La version de l’historien Gilbert Meynier est très différente : «À l’occasion de la visite de De Gaulle en Algérie prévue pour décembre, les ultras du Front pour l’Algérie Française organisèrent des manifestations contre la politique gaullienne “d’abandon”. Elles tournèrent parfois au combat de rue et furent émaillées de provocations contre les Algériens et de “ratonnades”. À Alger, ce fut au départ en réaction contre les ultras que […] des milliers de jeunes gens descendirent dans la rue, à partir de l’après-midi du 10 décembre […] Les manifestations culminèrent le lendemain 11. Armés de gourdins, de barres de fer, de chaînes de vélos, les manifestants […] s’en prirent aux Européens rencontrés et ils saccagèrent la grande synagogue de la Casbah […] Dans l’après-midi […] des troupes françaises […] ouvrirent le feu à l’arme automatique sur les foules de manifestants» (G. Meynier, Histoire intérieure du FLN, Fayard, 2002, p. 465).
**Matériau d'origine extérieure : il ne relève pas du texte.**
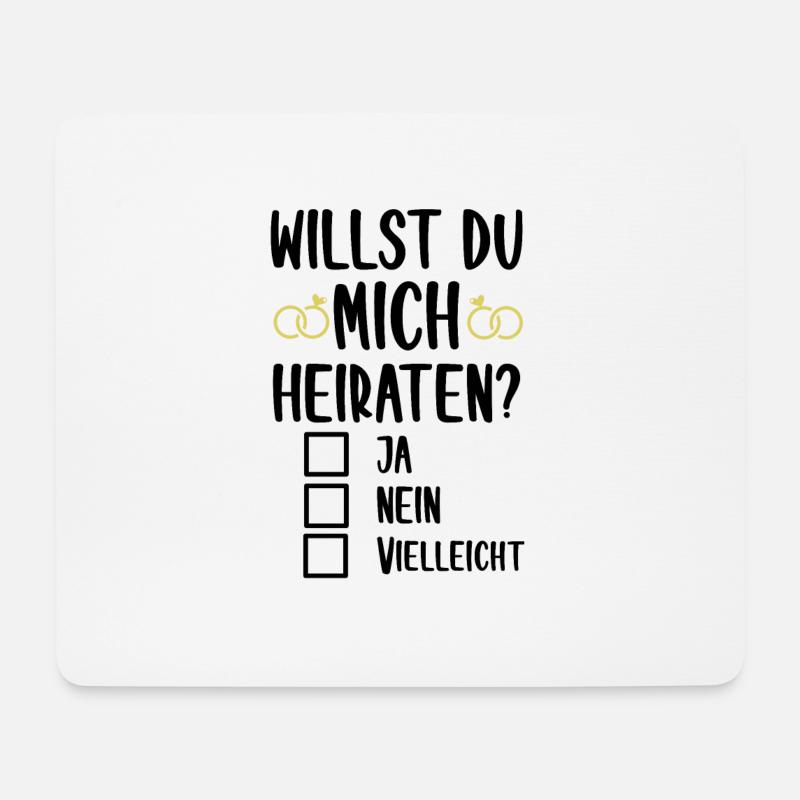 Willst du Mich Heiraten Heiratsantrag Lustig Humor - Mousepad (Querformat) - Weiß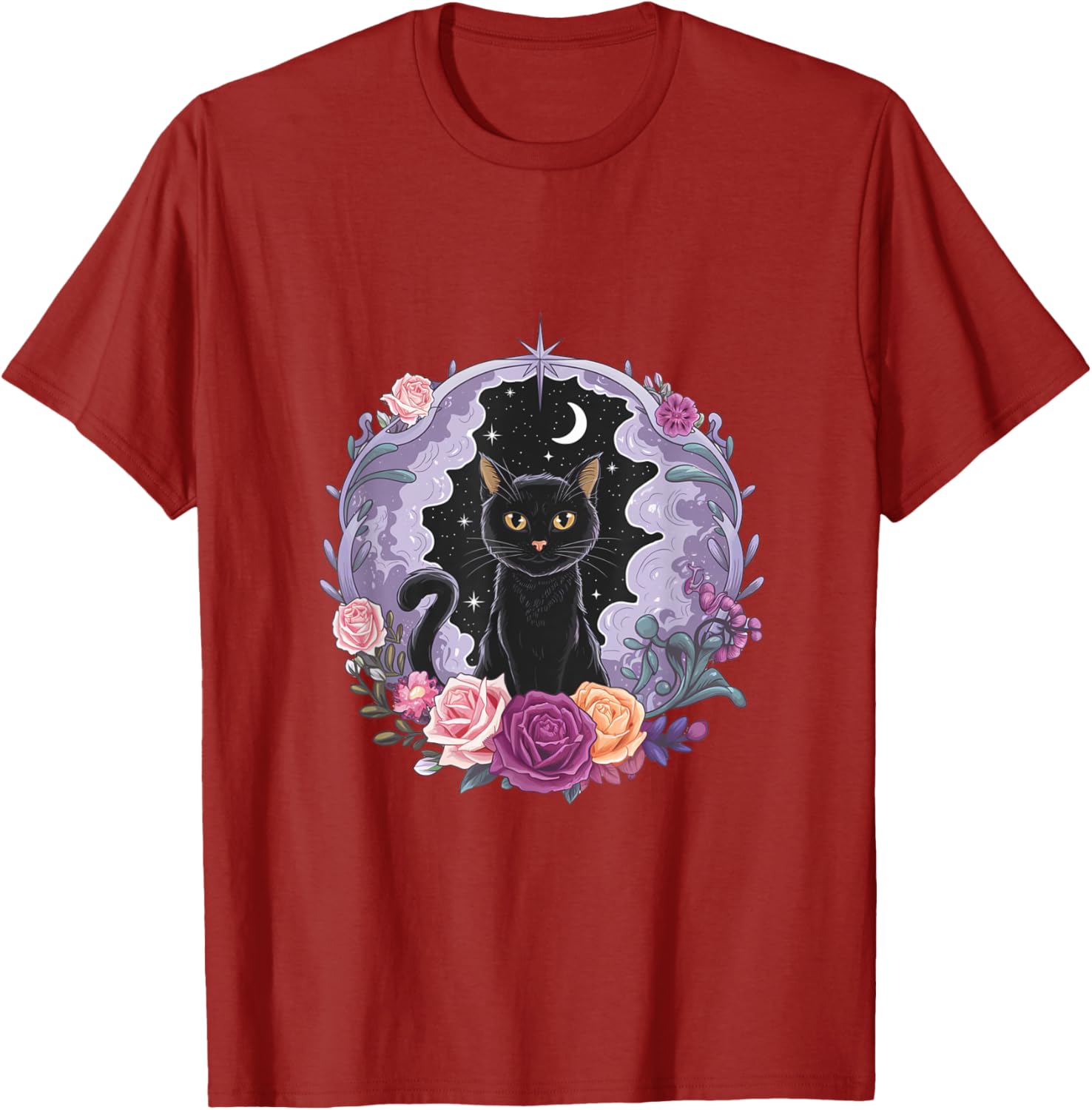 Cute Kawaii Purple Gothic T-Shirt with Black Cat and Moon Crystal Design - 13
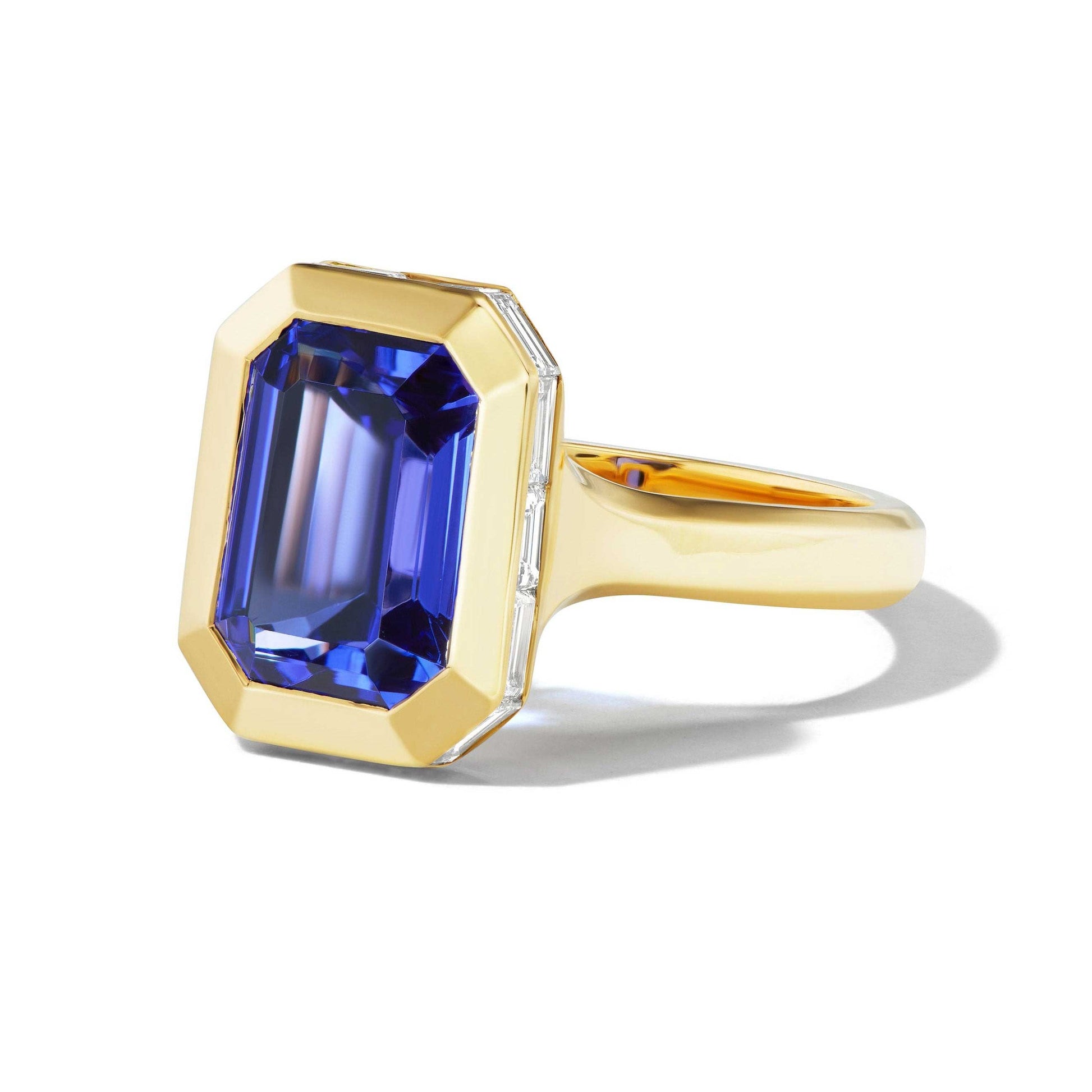 Bezel Set Emerald Cut Tanzanite Ring Lindsey Scoggins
Le bilan officiel (cité par G. Meynier, p. 466), est de 120 morts, dont 90 à Alger, parmi lesquels 112 Algériens (dont 84 à Alger). Si, de source algérienne, le bilan serait plus lourd, la question se pose une nouvelle fois : sur quoi les auteurs du documentaire se fondent-ils pour avancer le chiffre de 200 morts algériens pour la seule ville d’Alger ? Pourquoi font-ils peser sur les “ultras” l’initiative des coups de feu ? Pourquoi n’évoquent-ils pas le caractère xénophobe des manifestations algériennes, relevé par de nombreux témoins ? Pourquoi taisent-ils l’incendie de la grande synagogue de la Casbah ?
- Manifestation du 17 octobre 1961 à Paris.
1°. Dans leur présentation du contexte expliquant cette manifestation, les auteurs du documentaire évoquent «les agressions» dont ont été victimes de nombreux policiers de la part du FLN. Quel bel euphémisme ! Voici ramenés à de simples «agressions» l’assassinat de 22 policiers entre janvier et le 16 octobre 1961 (et plus 74 blessés).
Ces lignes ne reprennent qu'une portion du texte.